Reportatge

“Quiero a mi niña. Enviádmela, por favor”

Los expedientes de vida de algunos huérfanos vinculados a la Casa de la Caritat durante la posguerra revelan que fueron separados de sus madres sin su consentimiento

“¿Por qué me dejaste?”, le preguntó Lluís Álvarez (Barcelona, 1935) a su madre el día que la conoció. Tenía 21 años cuando recibió una carta de la Diputación de Barcelona en que decía que su madre, Isabel, quería verlo. A pesar de la emoción de la mujer cuando se reencontraron, y que le aseguró que había estado dos décadas buscándolo, Álvarez respondió con frialdad. “Por dentro pensaba: «Ahora sí, pero cuando más te he necesitado no te he tenido». "No me la creí, estaba seguro de que me había abandonado”, expone. Álvarez no había tenido una vida precisamente plácida hasta entonces. Poco después de que su madre diera a luz en la Casa de la Maternitat i Expòsits de Barcelona, lo enviaron a Ibiza para que fuera amamantado y cuidado por una nodriza y su familia. Era una práctica habitual en la época, puesto que en Barcelona era difícil encontrar nodrizas o las que había pedían más dinero. Las encargadas de llevar a los bebés de Barcelona a Ibiza eran dos mujeres, Margarita y Antònia Verdera, madre e hija, en un barco que zarpaba cada miércoles, y una vez ahí repartían a los niños entre las nodrizas a cambio de unas pesetas. De equipaje, los bebés llevaban una medalla colgada en el cuello con el número que les identificaba y un relevo de la Virgen del Carmen. Estaba totalmente prohibido quitarles el collar; de este modo se aseguraban que nadie los intercambiara.

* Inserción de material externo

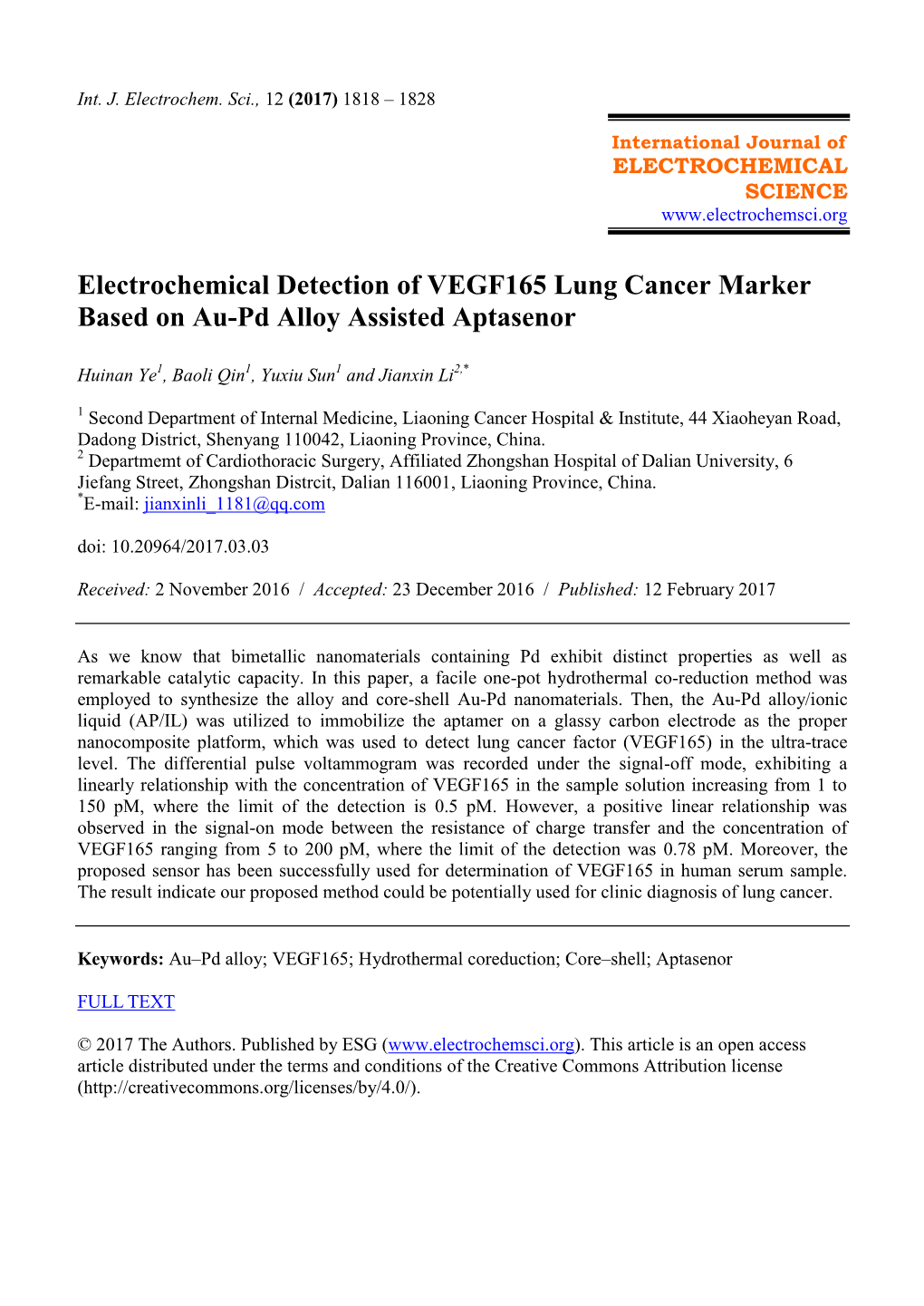 Electrochemical Detection of VEGF165 Lung Cancer Marker Based on Au-Pd Alloy Assisted Aptasenor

Álvarez estuvo en Ibiza hasta los 7 años, cuando la Diputación lo reclamó y fue devuelto a Barcelona. También era un procedimiento habitual: a los niños se los reclamaba a los 7 años y a las niñas a los 5, y solo en casos muy excepcionales los dejaban quedarse con las familias de leche. En concreto, fue enviado a la Casa de la Caritat, un orfanato y centro de beneficencia situado en el corazón del Raval, actual sede del CCCB. Según Álvarez, pasar de vivir en el campo a hacerlo en el centro de una ciudad en plena posguerra no fue fácil. “Hambre no pasábamos, pero tenías que tener picardía para que te salieran las cosas. A veces robábamos algo. Recuerdo coger un trozo de filete y ponérmelo en el pecho -comenta riendo-. La pelota para jugar a fútbol nos la hacíamos nosotros, con ropa y cuero”. El periodo que recuerda como el más duro empezó a los 14 años, cuando lo adoptó una familia de Guardiola de Font-Rubí (Alt Penedès). “Creí que estaría bien, pero solo me querían para trabajar. Cuando se hacía de día ya estaba en el campo y cuando oscurecía todavía ordenaba herramientas”, explica Álvarez, que asegura que hacían lo mismo con muchos huérfanos más. En los documentos oficiales que consultaría más adelante ponía que iba como “mozo de labranza”. Estuvo ahí diez años, hasta que decidió irse a Vilafranca del Penedès a buscarse la vida. “Fui a ver al amo y le pregunté: «¿Qué es lo que gano aquí?» Y respondió: «Te damos comida y cama». Y yo le dije: «Al perro también lo mantenéis y no trabaja»”.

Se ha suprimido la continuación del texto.